*** Material supplied Section Begins ***

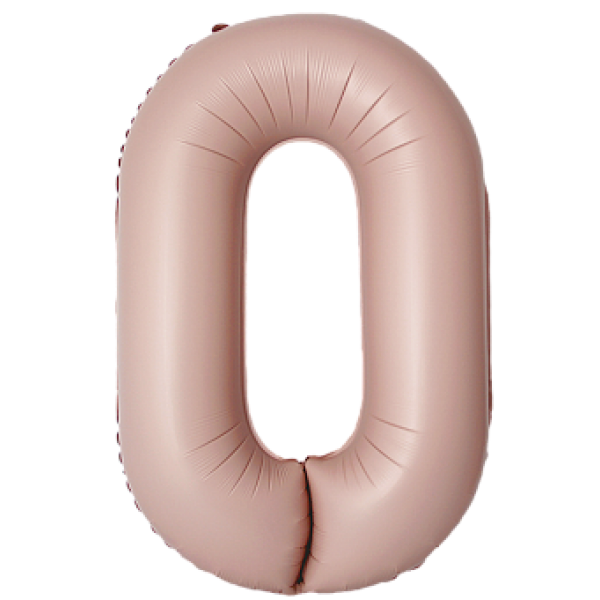 Винтажная роза фольгированный шар цифра 0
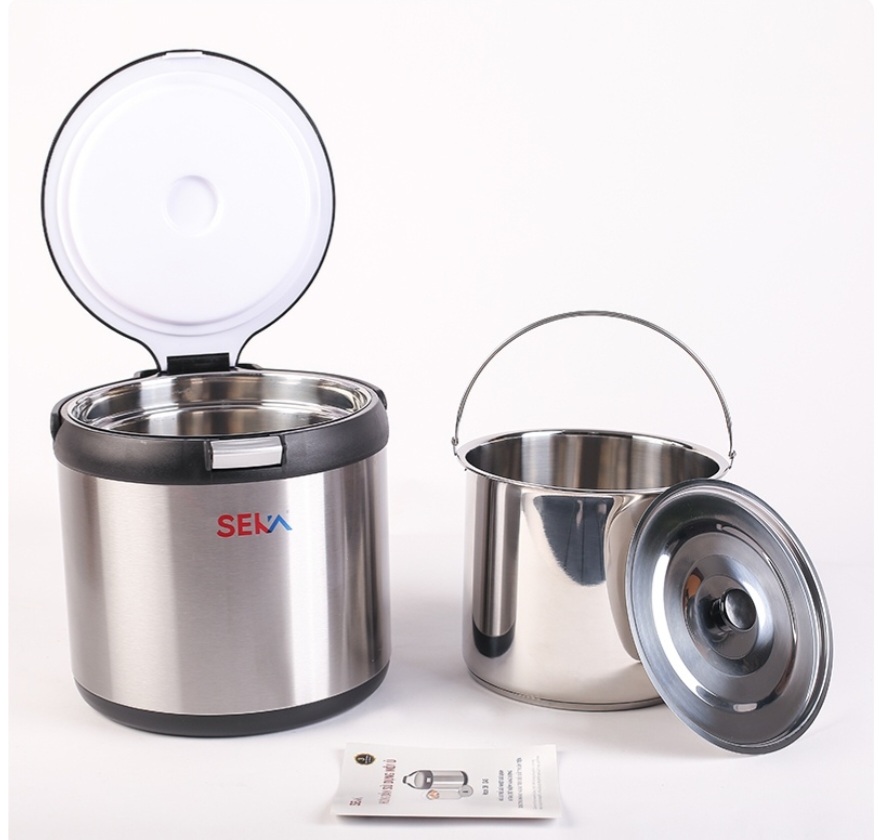 Nồi Ủ Giữ Nhiệt SEKA SK-D45 4.5L, Dùng Được Cho Mọi Loại Bếp, Màu Trắng và Hồng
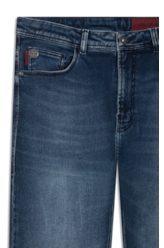 Calça Jogging Intense Blue Slim Lav.Escuro c Tie Dye
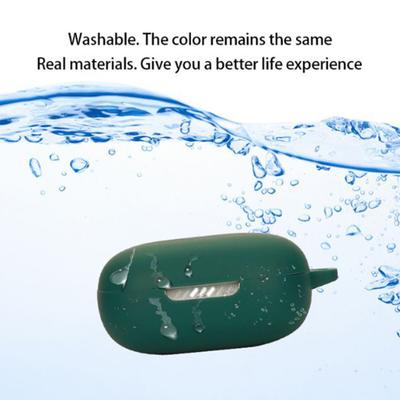 Estojo de Silicone à Prova de Choque para Fones de Ouvido JBL Live Flex para Anti-Queda Anti-Impressão Digital Estojo para Fones de Ouvido de Viagem
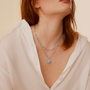 Collier Ange Gardien argentée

*** Material supplied Section Ends ***

Task goal:
An exact copy of the entries above is required, with the pictures left out.

Your solution:
 Винтажная роза фольгированный шар цифра 0
 Nồi Ủ Giữ Nhiệt SEKA SK-D45 4.5L, Dùng Được Cho Mọi Loại Bếp, Màu Trắng và Hồng
 Calça Jogging Intense Blue Slim Lav.Escuro c Tie Dye
 Estojo de Silicone à Prova de Choque para Fones de Ouvido JBL Live Flex para Anti-Queda Anti-Impressão Digital Estojo para Fones de Ouvido de Viagem
 Collier Ange Gardien argentée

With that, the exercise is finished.